For me, dancing is free expression and logical without thought. Dancing involves your body, brain, and soul. It's about matching you to the music and your partner. It's about two people moving together as one unit and showcasing the skill of the other. It's about passion and freedom. "Dancing is Life," is how Mr. D says it in Take The Lead, which is a movie I love.

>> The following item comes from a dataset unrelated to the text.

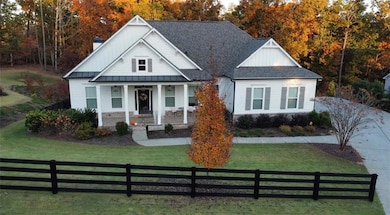 View of front of property in the Fall with board a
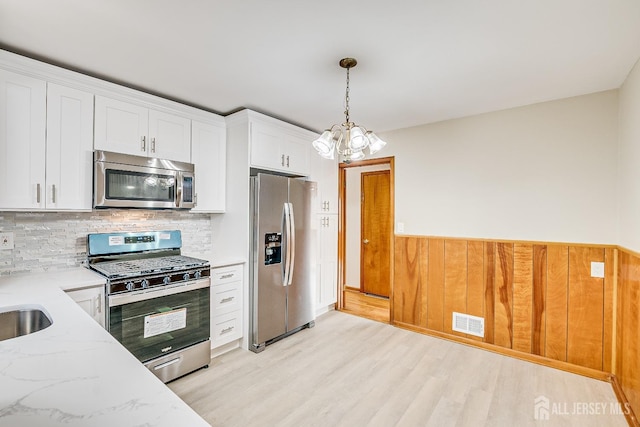 kitchen with visible vents, light stone countertops, stainless steel appliances, white cabinetry, and pendant lighting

Okay, enough philosophy of dance. After salsa, we came home. We had an impromptu review session during our walk. Thank you, Drew. He walked us home and we had some fun conversations around the review stuff. Then, I stayed up way too late. But it was all good.
This morning, I went into school early and we had another "review session" but it wasn't super formal. Then the test. Then I came home and took an hour long siesta. I feel SO much better now! Amazing what a little sleep can do for the body. Now, I have some work to do tonight. But not too much. 

I want to go dancing again... :)

lunes, 16 de mayo de 2011

I'll Fly Away!

So, today has been rough. I spent most of yesterday studying, but I still don't feel prepared. This test is going to be crazy hard, I'm expecting. So more and more studying. Mas estudiando!!

Anyway. Today started per usual. Up, get ready, eat breakfast, go to school. My host mom fed me a huge breakfast. Apparently, I don't eat enough by Mexican standards. My appetite has gone down a little, but not that much. I've lost 7 pounds already, but that's not a big deal. I think it's more the walking. Maybe I'm gaining muscle too! Wouldn't that be epic.

Oops, rabbit trail there. I headed off to school and we discussed the film "Santo Luzbel" which we'd watched Saturday night. I actually kind of liked the movie, or really liked it. But most of the students didn't. No, it wasn't an action movie with modern special effects. But it was heart-wrenching and culturally enlightening. Yeah, we also had to read the subtitles. I don't speak word-one of Nahuatl, the indigenous Mexican language.

Doctora let us out about 11 to go over to La Universidad de Comunicacion and talk to the other Mexican students there. Julia and I had a nice conversation with two college girls about lots of stuff. I followed most of it and even threw in comments every now and again. My Spanish is improving, I just have to remind myself of that often. They told us some old Mexican legends. One was about Senora Llorria or something like that. Basically, the woman drowned her children and cried for them a lot. You can still hear her crying sometimes, I think is how the story goes. Parents tell it to children, like the boogeyman stories in the US.

The conversation was great, but both the girls were smoking. Asthmatic me didn't like that too much, so it was headache time. Ugh. But I managed. This is going to be a short paragraph so I don't complain too much.

We went back to our school about noon for another two hour review session. Funny how I can spend 4 hours in teacher/TA led reviews, several hours studying on a Sunday afternoon, and still not feel ready. I don't know if I ever will, but I'm closer now. I'm using her review sheet to make a study guide. It's over six pages... But I do know more than I thought I did. Now it's just making sure its organized in my head so that I can use it during the test tomorrow.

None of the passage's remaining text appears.